Basically, you can say this series is good because of stuff like the alienation thing that I mentioned, which is true, or you can phrase it like I am and say simply that this manga is an extremely fun slice-of-life comic full of characters that act like people I'm friends with and set in a world that resembles the one I live in like no other I've ever seen in media. I was born in 2001, and am therefore solidly of the zoomer generation, and this manga is the song of my people, capturing the zeitgeist of gen Z to the greatest level of accuracy that I've ever seen in media, and for a slice-of-life story, that is incredibly important because portraying life is what the genre is all about. K-On excels at showing us a picture of a complex and lively group of friends, Yokohama Kaidashi Kikou presents nature and the passage of time like no other series, and DeDeDeDe shows us the world as it is without casting judgement or pulling punches.
Teens in first-world countries today, whether said country is Japan, America, Europe, Australia, Korea, China, or wherever else, are coming of age in an absurd world where the difference between irony and sincerity is impossible (and maybe even irrelevant) to distinguish, where the massive amounts of knowledge and media available confuse us as much as they enlighten us, and where the very idea of preparing for the future seems bizarre when all that future holds is global instability, catastrophic climate change, and extreme economic inequality that might very well doom our entire species.

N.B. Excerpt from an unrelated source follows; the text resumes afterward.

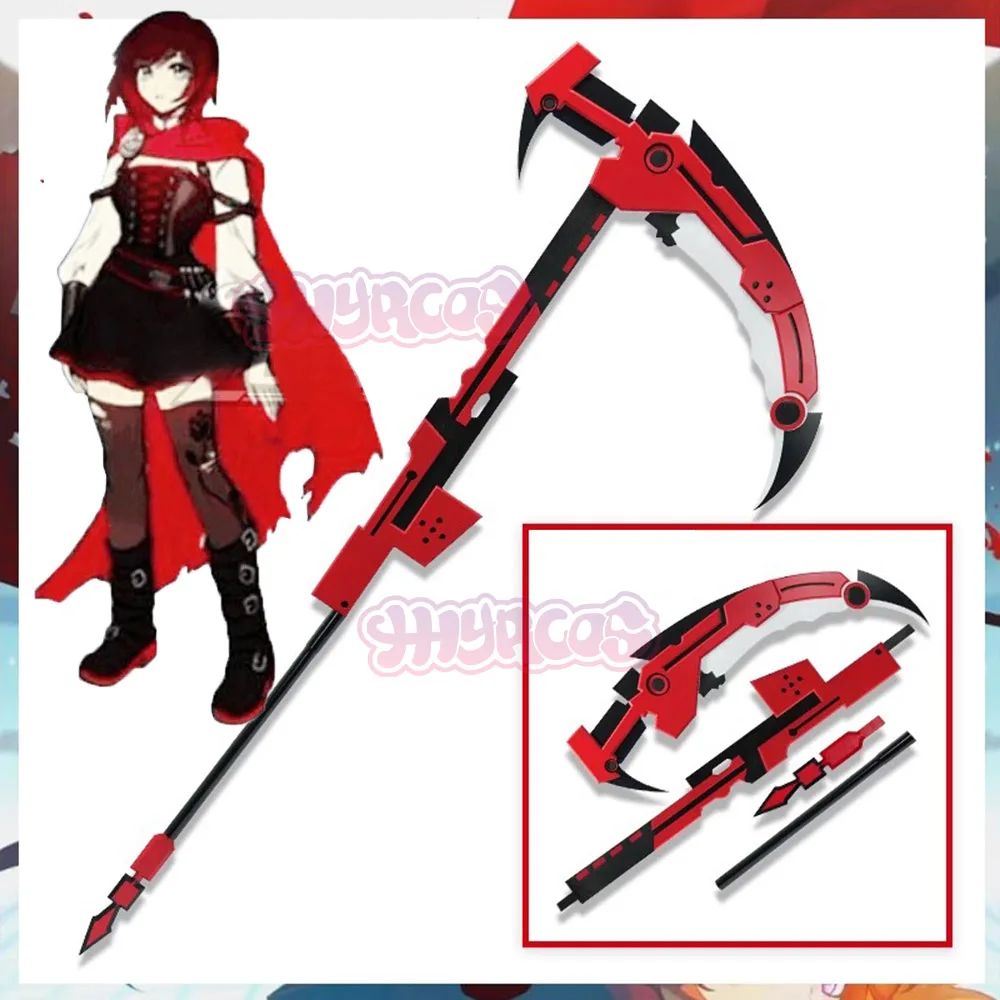 180 см RWBY рубиновая роза полумесяц серп оружие реквизит для косплея Хэллоуин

Our governments do little, our youth movements are ineffectual, and though people should be banding together, our power structures continue to cast people aside. That's the truth the laughing kids of my--and these characters'--generation hide behind edgy memes and lighthearted complaints, but that looms in the background nonetheless, casting all of our daily lives into its subtle but deadly shadow.

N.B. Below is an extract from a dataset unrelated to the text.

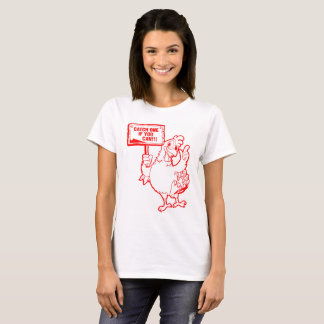 Women's 3- legged chicken shirt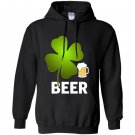 Beer lucky leaf happy st patricks day Hoodie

And fittingly enough, even this manga hides the truth behind a metaphor. In DeDeDeDe's Japan, it isn't climate change, but a literal massive shadow that hangs over modern, daily life. A gargantuan, industrial mass of an alien spaceship has been floating in the air for three years by the start of the story, and though little violence happens and its extraterrestrial inhabitants are quite weak, the government fearmongers about them, corporations step in to cash in on weapons to use against them, and psychopathic young men wander around the backstreets to hunt them down. Through all of this, the real problem, that the ship may melt down and doom humans and "invaders" alike, is ignored and suppressed as politicians and billionaires build bunkers to weather the storm. It may seem a bit on the nose when I explain it here, but when it is revealed little by little in the story you realize that the characters are living in a world of endless high alert and military-industrial insanity just like ours.

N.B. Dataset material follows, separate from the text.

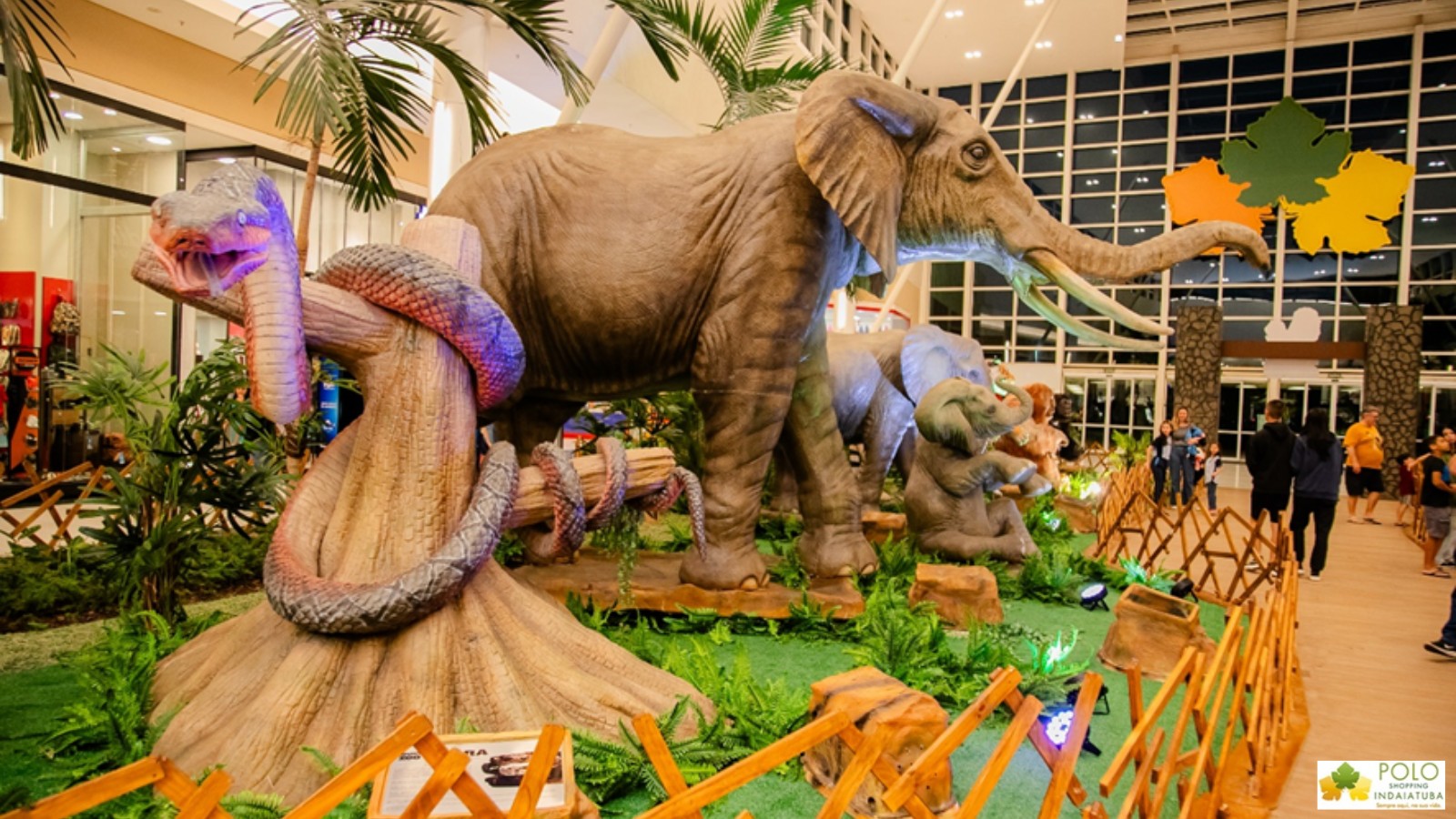 POLO SHOPPING RECEBE MEGAEXPOSIÇÃO SMART ZOO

As I said, though, the series is quite fun for the most part, and even that emulates life. The worst hasn't happened yet, and though realizing these impending disasters makes it harder to relax, it also makes you want to do so more, because its an escape. Though our industrial society may face its ruin, it still provides people with a lot to enjoy, and if there's little you can do, why waste the time you have left? The day-to-day lives of the characters, as well as their personalities and dynamics with each other, are really fun, and also very realistic. The girls banter about stupid things, bring up taboo topics to joke around, make autistic ideological declarations, and ignore the grim truths of the world the same way my friends do. One of my favorite characters, Rin, is a shy cosplayer with a secret Yaoi obsession that she is prodded by another character to admit loudly to her class because "in a surveillance state, our kinks are the only thing they can't take from us!!!" The main character, Kadode, is meant to be a self-insert but her friend, Oran, is utterly unhinged in a believable way, spouting political jargon and obsessing about shooting games and the similar bloodbaths to come because its her only way of coping, and somehow the reality of this only makes it more endearing, an insane feat that this manga somehow manages to pull off.
The artwork is perfect for the tone and themes as well. The characters have cute, distinct, and unrealistically abstracted designs for the most part, and many background characters even look ever so slightly deformed, but there is a down-to-earth quality to their bodies, framing, and implied movement that is difficult to deny, especially when they are shown in Asano's lavishly detailed backgrounds based on an eccentric amalgam of photographic references. The lighting and shading is also weirdly juxtaposed with the characters, again making their goofy designs blend in much better than they should, to the point where even they seem like perfectly natural parts of the setting. Just like the story, the art is an incongruous but resonant clash of tonalities that Asano manages incredibly, to the point where this slice-of-life manga manages to have better dramatic two-page spreads than something like Takehiko Inoe's flatly hyper-technical samurai manga Vagabond.
Slice-of-life fans and people who process the world like I and many other young people do can't miss this one, and the only major complaint that I have to counteract my praise is that DeDeDeDe introduces some characters, specifically in its main cast of girls, that it ends up not spending enough time on, making the characters, though interesting and complex, ultimately not really the driving force of this manga as much as they could have been. The uncomfortable realism of its world, though, and the comfortable resonance that can be found in the interactions of those who somehow still live in it, are really the driving force of this manga. And even the lack of character development is relatable to me, although hopefully you aren't as pathetic as I am.